Ed eccoci arrivati ad un testo splendido sulla pace. Nelle sfumature che Agostino sa trarre in riferimento ai vari soggetti della pace, un aforisma riassume in modo geniale il senso profondo della pace: l’ordinata concordia...

Parole chiave: La città di Dio (66), Sant'Agostino (175)

Ed eccoci arrivati ad un testo splendido sulla pace. Nelle sfumature che Agostino sa trarre in riferimento ai vari soggetti della pace, un aforisma riassume in modo geniale il senso profondo della pace: l’ordinata concordia. Sostanzialmente: essere un cuor solo, ognuno nel suo ordine, al suo posto! Un vero colpo di genio: “Pertanto la pace del corpo è l’ordinata proporzione delle parti; la pace dell’anima irrazionale è l’ordinata quiete degli appetiti; la pace dell’anima razionale è l’ordinato consenso del pensare e del fare; la pace del corpo e dell’anima è la vita ordinata e la salute della persona animata; la pace dell’uomo mortale e di Dio è l’ordinata obbedienza nella fede sotto l’eterna legge; la pace degli uomini è l’ordinata concordia (pax hominum ordinata concordia); la pace della casa è l’ordinata concordia di comandare e di obbedire da parte di coloro che abitano insieme; la pace della città è l’ordinata concordia dei cittadini di comandare e di obbedire; la pace della Città celeste è l’ordinatissima e concordissima unione di fruire di Dio e reciprocamente in Dio; la pace di tutte le cose è la tranquillità dell’ordine (pax omnium rerum tranquillitas ordinis). L’ordine è la disposizione che attribuisce a ciascuna realtà, pari e dispari, il proprio posto” (De civ. Dei, XIX, 13.1).

Agostino distingue nettamente tra male e malvagità. Nessuna creatura in quanto essere è un male, nemmeno il diavolo. È la perversità, cioè la ribellione all’ordine dato da Dio, che rende la creatura malvagia. A tutti Dio ha affidato il bene supremo che è la pace terrena: “Una natura nella quale non vi sia nulla di buono non può esistere. Di conseguenza, nemmeno la natura dello stesso diavolo, in quanto natura, è un male, ma la perversità la fa malvagia… Pertanto Dio sapientissimo Creatore di tutte le cose e giustissimo ordinatore che ha istituito il mortale genere umano come il più grande degli ornamenti terreni, ha dato agli uomini dei beni congrui per questa vita, cioè la pace temporale” (De civ. Dei, XIX, 13.2).

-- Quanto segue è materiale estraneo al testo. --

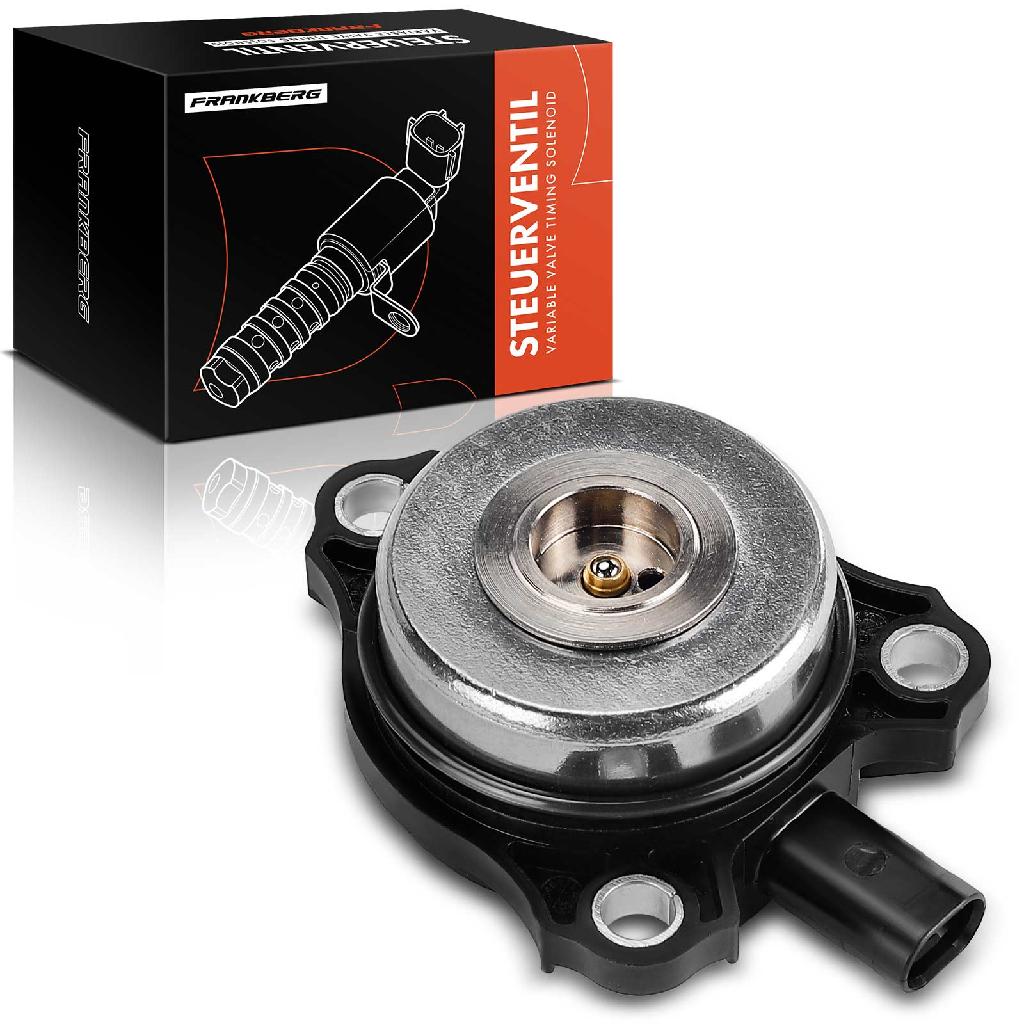 1x Zentralmagnet Nockenwellenverstellung für Mercedes-Benz W204 S204 C204 W212 S212 M271 SLK R172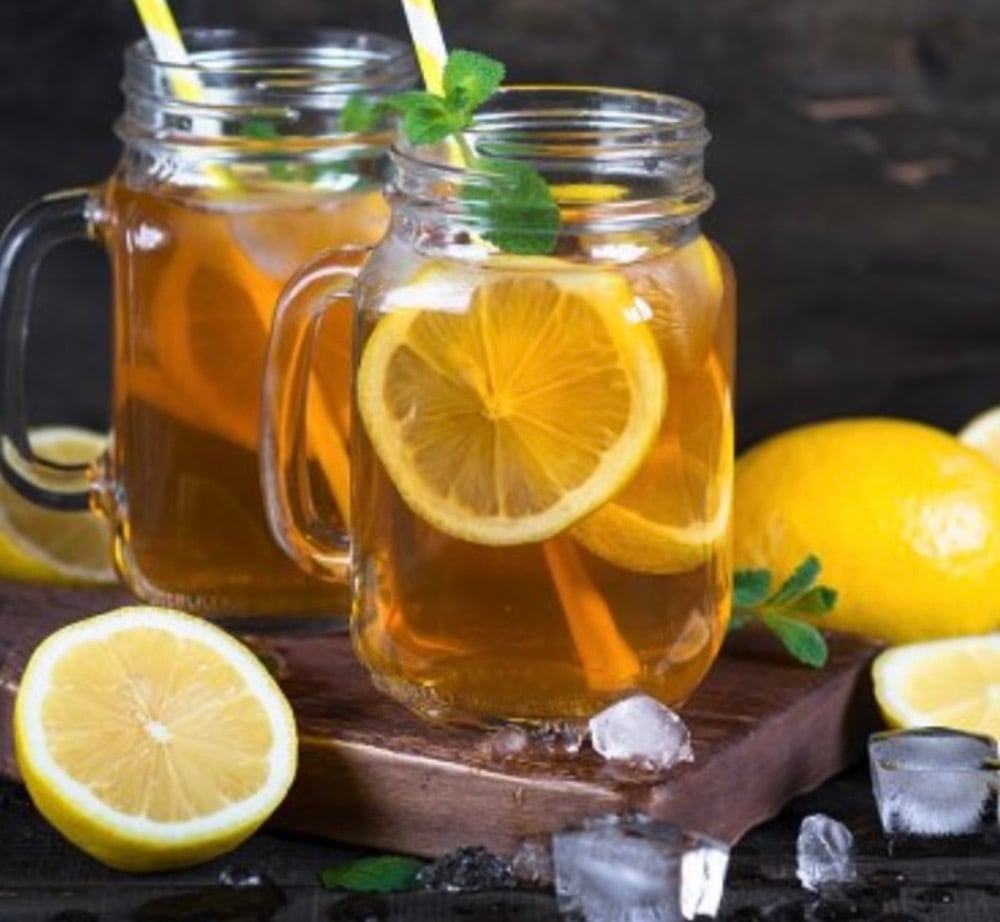 Image of Book a Beauty Tea Bar Set Up  (OKC and surrounding areas)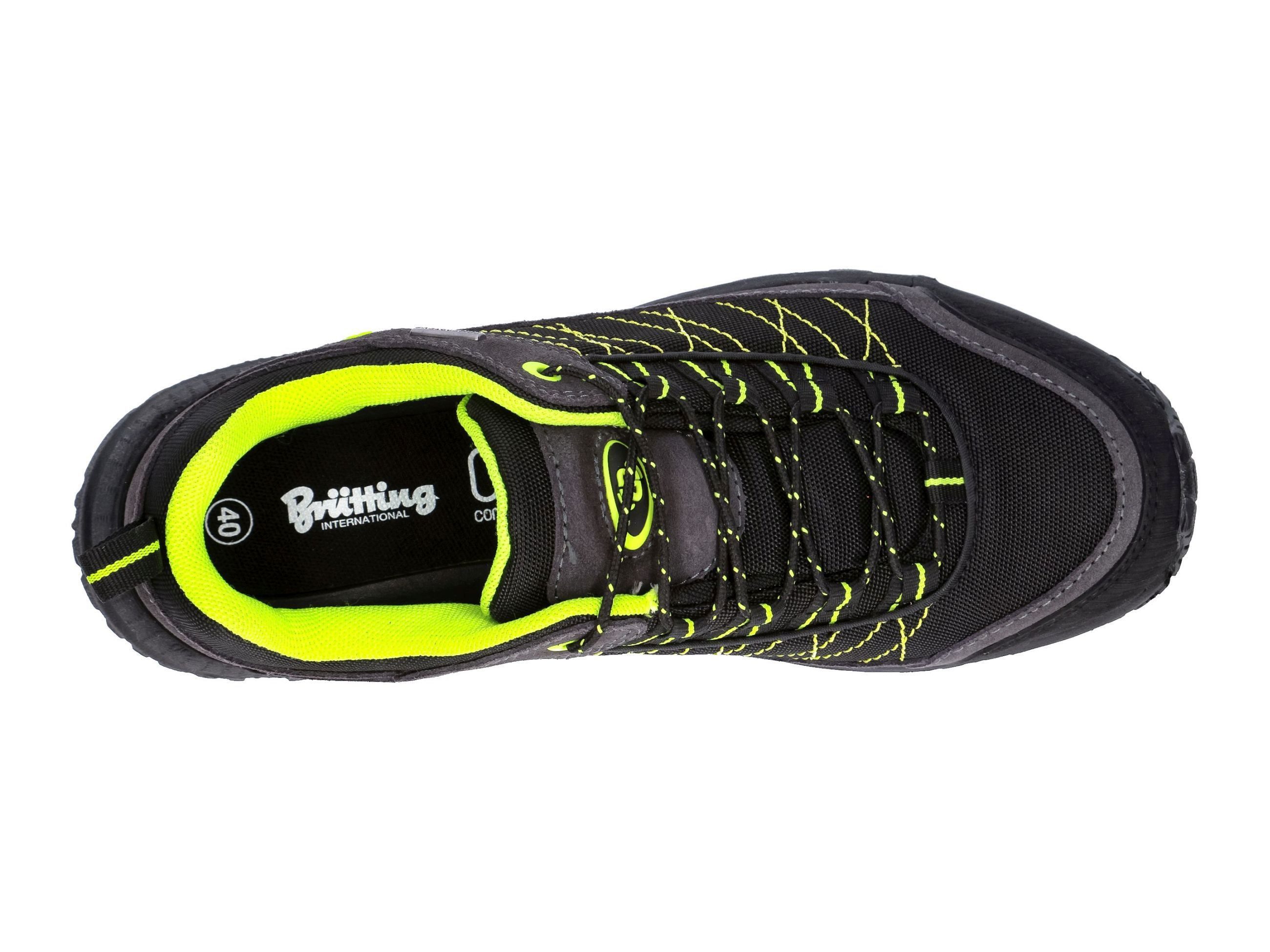 BRÜTTING Outdoorschoenen Outdoorschoen Mount Egmont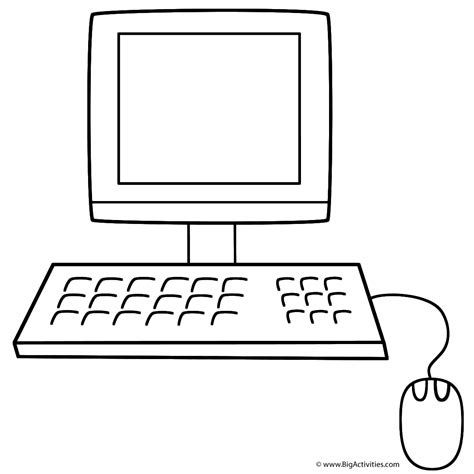Kittens Coloring Pages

La pace vera si ha quando si realizza l’amore a Dio, a se stessi e al prossimo. Grazie all’ordinata concordia, l’uomo evita di nuocere al prossimo e si impegna ad essergli utile. Anche chi comanda è chiamato a mettersi al servizio del bene comune, prendendosi cura di tutti, con umiltà: “Pertanto l’uso delle cose temporali si riferisce al frutto della pace terrena nella città terrena; nella Città celeste invece si riferisce al frutto della pace eterna. Se fossimo animali irrazionali non avremmo altro appetito che quello di tendere alla giusta proporzione delle parti del corpo e alla sazietà degli appetiti… Dio come maestro insegna due principali precetti, cioè l’amore di Dio e l’amore del prossimo, nei quali l’uomo trova tre cose da amare: Dio, se stesso e il prossimo. E chi ama Dio non erra nell’amare se stesso… e per questo sarà tranquillo, per quanto dipende da se stesso, con ogni uomo con la pace degli uomini, cioè con l’ordinata concordia, il cui ordine è dapprima il non nuocere e poi anche di utilità a chi avrà potuto. Anzitutto pertanto si prende cura dei suoi… Ma nella casa del giusto che vive di fede ed è ancora peregrinante da quella Città celeste, anche coloro che comandano si mettono a servizio di coloro cui sembrano comandare. Infatti, non per avidità di dominare comandano, ma per dovere di provvedere, e non per superbia di essere i signori, ma per misericordia di prendersi cura” (De civ. Dei, XIX, 14).